**RECORDS FOR THE EXERCISE:**

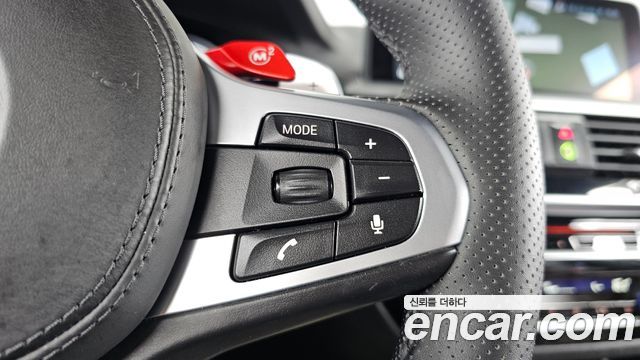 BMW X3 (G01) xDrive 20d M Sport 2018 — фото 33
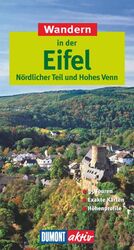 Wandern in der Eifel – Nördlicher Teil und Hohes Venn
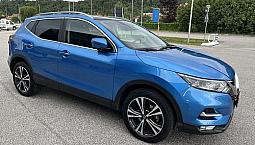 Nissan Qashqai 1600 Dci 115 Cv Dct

...

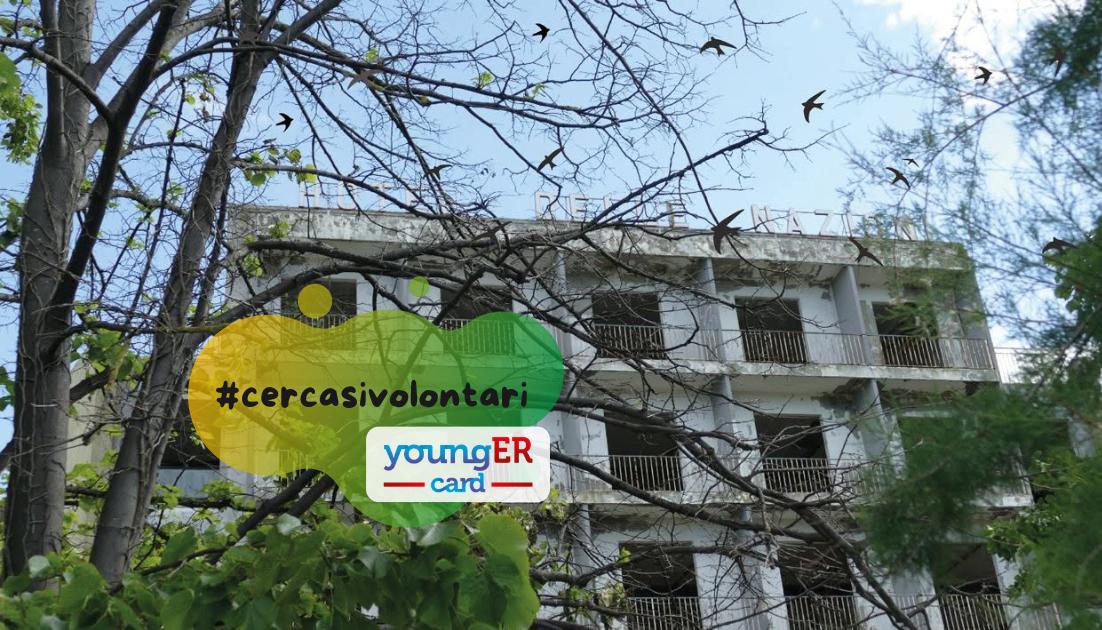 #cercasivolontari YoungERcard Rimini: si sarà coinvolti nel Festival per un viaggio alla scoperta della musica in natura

**REQUIREMENT:** From the records above, copy only the lines running from the line containing "BMW X3 (G01)" to the line containing "Nissan Qashqai 1600 Dci 115 Cv Dct", both ends included. Leave the pictures out.

**ANSWER TO THE EXERCISE:**
 BMW X3 (G01) xDrive 20d M Sport 2018 — фото 33
 Wandern in der Eifel – Nördlicher Teil und Hohes Venn
 Nissan Qashqai 1600 Dci 115 Cv Dct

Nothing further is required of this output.